Action of contract or tort to recover for personal injuries sustained by a fall on premises rented by the defendant to the plaintiff. Count 1 is in contract and alleges that the plaintiff was injured by reason of the defendant’s failure to make certain repairs which he agreed to make as part of the rental agreement. In Count 2 the plaintiff claims that she was injured by reason of the negligence of the defendant in permitting a dangerous condition to exist on the premises occupied by the plaintiff.

There was evidence that on October 30, 1954 the plaintiff visited the house which the defendant owned with a view to renting it. It was a single family house consisting of three floors and a basement. The plaintiff informed the defendant that if he would agree to make certain repairs she would rent the house. On the strength of his promise to make the repairs she hired the place at a rental of thirteen dollars per week.
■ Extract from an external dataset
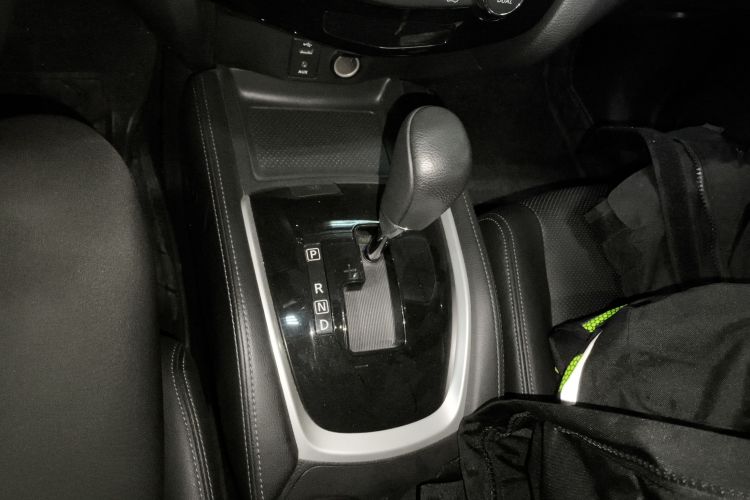 日产 奇骏 2014款 2.0L CVT舒适版 2WD局部细节18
One of the things that the defendant promised to repair was the staircase which led from the first floor to the basement. The plaintiff and her husband moved into the house on November 4, 1954. Everything had been repaired as promised except the staircase leading to the basement, and although the defendant, when reminded of it later, promised to take care of it, he never did. On December 29, 1954 while going to the basement the plaintiff fell on the staircase and was injured. The steps were in the same condition at the time of the accident as they were at the time of the renting.

On these facts the court properly ruled that the plaintiff could not recover on her count in tort, but could only establish her right of action on her count in contract. This right was predicated on the landlord’s failure to repair the stairs as he had agreed at the time of the creation of the tenancy. Fiorntino v. Mason, 233 Mass. 451. The sole issue presented by this report concerns the propriety of the judge’s refusal to rule, as requested by the defendant, that the plaintiff could not recover on her contract count for any more than the reasonable cost of making the repairs which the defendant had promised.
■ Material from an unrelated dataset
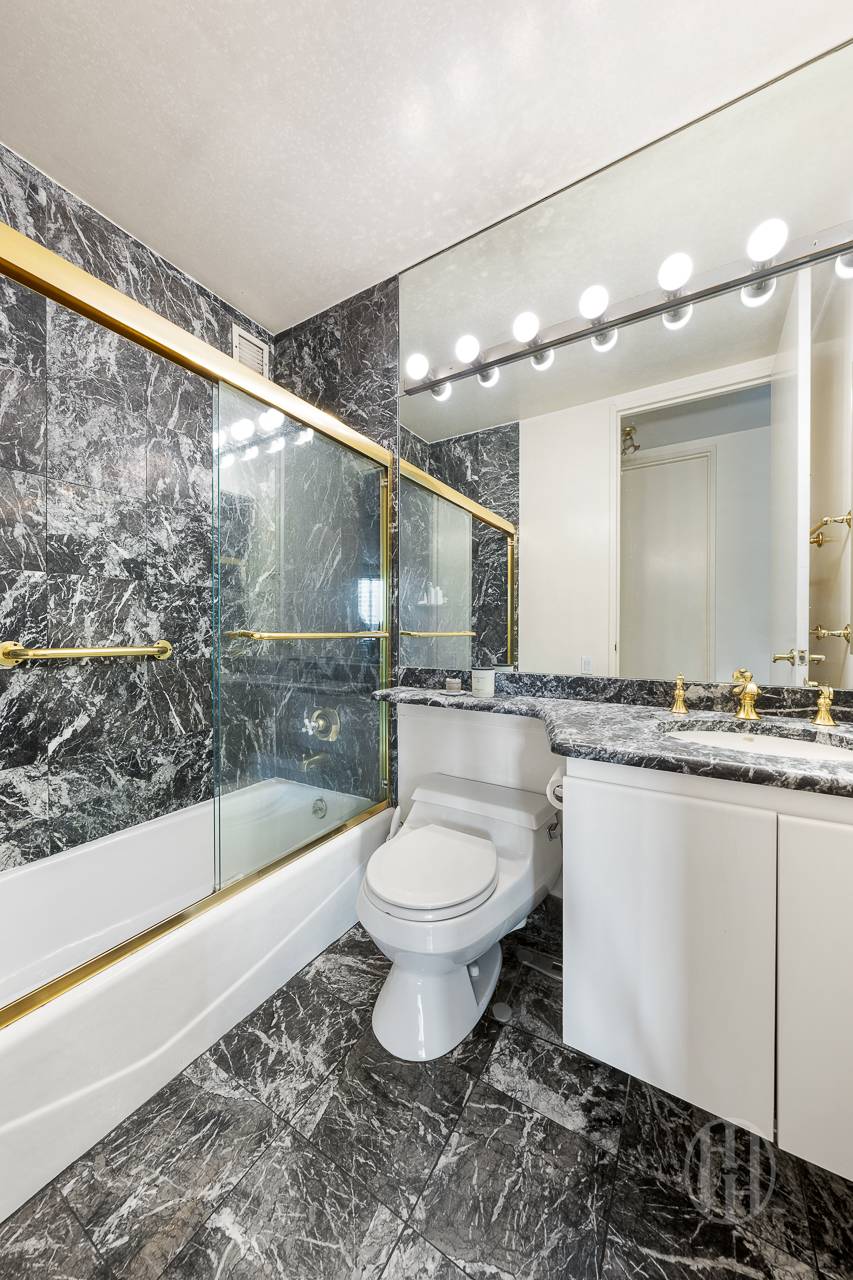 401 E 84th Street 5B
In relationships such as that in issue the right to recover for personal injuries does not derive from the failure to perform an agreement to repair, but from the fact that one who has made an agreement to repair, has made the repairs, and made them negligently. Shute v. Bills, 191 Mass. 433, 437; Miles v. Janvrin, 196 Mass. 431, 439. In other words, negligent performance of the promise to repair is an in-dispensible prerequisite to a tenant’s right to recover for personal injuries. Had this element been present in the case, there would have been ample evidence to support the plaintiff’s count in tort. Unfortunately for the plaintiff it was not. There could not be a negligent performance where there had been no performance at all. It follows that the plaintiff is limited to whatever rights accrue to her from the failure of the defendant to do anything with respect to his promise to repair. To what is she entitled on this account?
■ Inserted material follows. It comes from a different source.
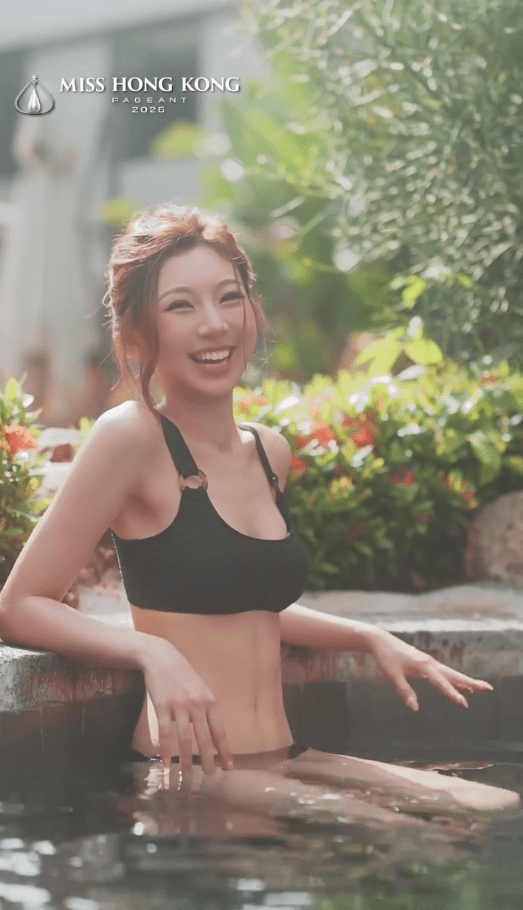 6號盧蔚晴Jasmine溫泉嬉水,笑容甜美。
Charles J. Abizaid, for the plaintiff.

Brier and Young, for the defendant.

In Miles v. Janvrin, 200 Mass. 514, at 516 the court in referring to a situation such as that now under review said: "If the landlord fails to do the work, it leaves him liable only for such damages as are the direct result of his breach of contract. This ordinarily would be only the cost of making the repairs. The tenant in such a case is not relieved of the duty of looking out for himself as to the safety of the premises, and refraining from using them if the use would be perilous by the reason of the failure of the landlord to do the work.” In Little v. Gilbert Manufacturing Company, 145 Mass. 169, it was held that the liability of a landlord for his failure to make repairs promised by him would be no greater than that of a carpenter who had agreed to do work and had not performed. In Fiorntino v. Mason, 233 Mass. 451, at 453 the court stated that "Failure to comply with such an agreement gives rise merely to a right of action for breach of contract where the damages commonly are the cost of making repairs.” Grennan v. Murray-Miller Co., 244 Mass. 336; Daniels v. Cohen, 249 Mass. 362; Williston on Contracts (Rev. Ed.) §1404.

It is clear that the court erred in awarding the plaintiff damages for personal injuries on her contract claim. In view of the complete absence in the report of any evidence indicating that the promised repairs had been made by the plaintiff, she becomes entitled to no more than nominal damages under her contract count.

Finding for the plaintiff in the amount of $800 to be vacated. Finding to be entered for the plaintiff on her contract count in the amount of $1.00.